All short track racing circles have their household names and memorable personalities. One of those with much success in the asphalt and indoor short track open wheel ranks is Joey Payne. Popularly known as the “Jersey Jet”, Payne has traveled the country over his decades of experience. Perhaps the pinnacle of his career has been racing extremely fast machines at a track chock full of history, Oswego Speedway.
A year ago he set a track record, which still stands, in the annual Budweiser International Classic 200 for the non-winged Supermodifieds. From there, he set a torrid pace but it ended in disappointment in the pit area after an on track altercation. This season has not seen him on the track anywhere close to as much as past years.
Running with a different team and having far less time on the track compared to 2014, he wasn’t showing the track record breaking type of speed leading into this year’s ‘Classic’. Nevertheless, he and the tight-knit group he was racing for remained optimistic heading into the weekend.
“I’ll tell you what, Friday we time trialed at a 16.5 which is the best that this car has ever been here and I told (car co-owner) Pat (Strong) we could race probably 25 hard laps at that speed,” Payne recapped to Speed51.com powered by JEGS. “We were so solid.”
Things would not be easy by any means when Sunday came around. A car that handled well at first on a race setup suddenly became the opposite.
“It was so freaking tight, like it was beautiful,” Payne said about the car’s handling initially. “Then we went out for the full fuel load with our race tires and I was loose as hell, and I was like man we’re in trouble. We changed probably five things for that car for the race, and I went into the first corner and honestly it was a bag of s---. I said ‘man this is going to be a long race.’”
An immense amount of hard work and determination would pay off though as the afternoon went on. After all the time spent simply trying to get back on “The Steel Palace” track surface, it was like destiny had occurred by race’s end.

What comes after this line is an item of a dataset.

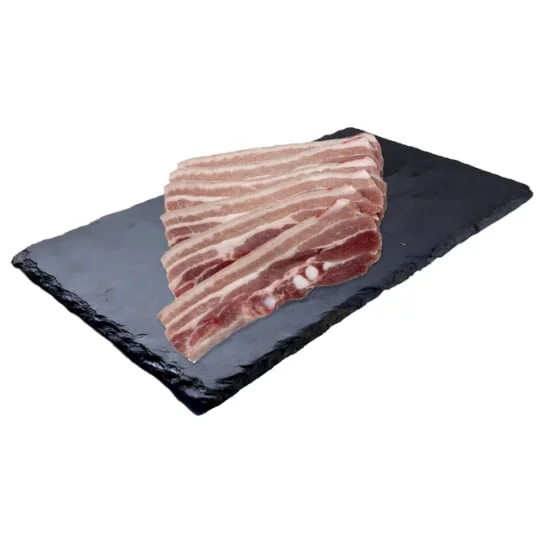 Viande de Porc: Poitrine en tranche à griller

“I just hung around in 25th, 26th, and 27th,” Payne explained. “I just took my time, and probably 125 laps into the race it woke up and I knew I had a decent piece, and I just started picking them off one by one.”
Payne steadily cracked into the top 10 in the closing stages, and on a restart with less than 10 laps to go was suddenly in the top five. He would continue climbing and finished third. There may not have been anyone as ecstatic and ready to go another 200 laps on this day as the Fair Lawn, New Jersey resident.
“I tell you, if it went longer we were good,” an elated Payne said. “We were coming. I lost second by probably a foot at the end. If we had one more lap I probably would have had second.”
One of the biggest achievements was a touch of redemption for the driver who was left searching for a ride prior to the start of the season.
“I got fired by the Graham team in February,” Payne remarked. “It was like strategically done, but you wait until February to fire me when I have nothing? Then I told Pat and Terry that we would reunite for one more race, and I told them there was one thing on my agenda. I want to beat those frickin’ silver cars and you know what they fell out, but I don’t give a s---. We beat them.”
Payne, donning a driving suit formerly worn by his fellow home state racer and buddy Jimmy Blewett, was surrounded by family and friends. He was also first to admit that it could not have been accomplished without everyone’s support.
“Everything fell into place this weekend,” Payne said. “It costs so much money to do this. I’ve got FX Caprara, Sandusky Speedway, Burke’s Home Center, Scriba Meats, Joey Witkum, Tom Salvador. Everybody that contributed made the puzzle happen.”
After a successful ‘Classic’, Payne will return to what he has been doing most of the season.
“I’ve been taking my son (Anthony) racing and watching my other son Joey race go karts, and I have been having a really good time.”
Joey was present when Anthony picked up his first career NEMA Lites feature win earlier in the season. With the track’s Supermodifieds having the day off on Saturday, Payne made a trip north to compete in a Tim Bertrand-fielded NEMA Midget at Monadnock Speedway (NH). It is one of multiple divisions he has enjoyed favorable results at over the years.
The result that night not only gave him some confidence going into Sunday, but kept a streak alive that at this point of the year was in jeopardy of ending.
“I went to New Hampshire last night and won a midget race,” Payne enthusiastically mentioned after the successful weekend concluded. “That makes 31 years in a row of winning a race every year so it can’t end any better.”
As for his career in a Supermodified there is a good chance that it will be coming to a close, and with that means probably little to no more opportunities to compete at such a storied facility. It was definitely a bittersweet atmosphere post-race.
“This is probably my last race here,” the emotional Payne said. “I’m pretty much done.”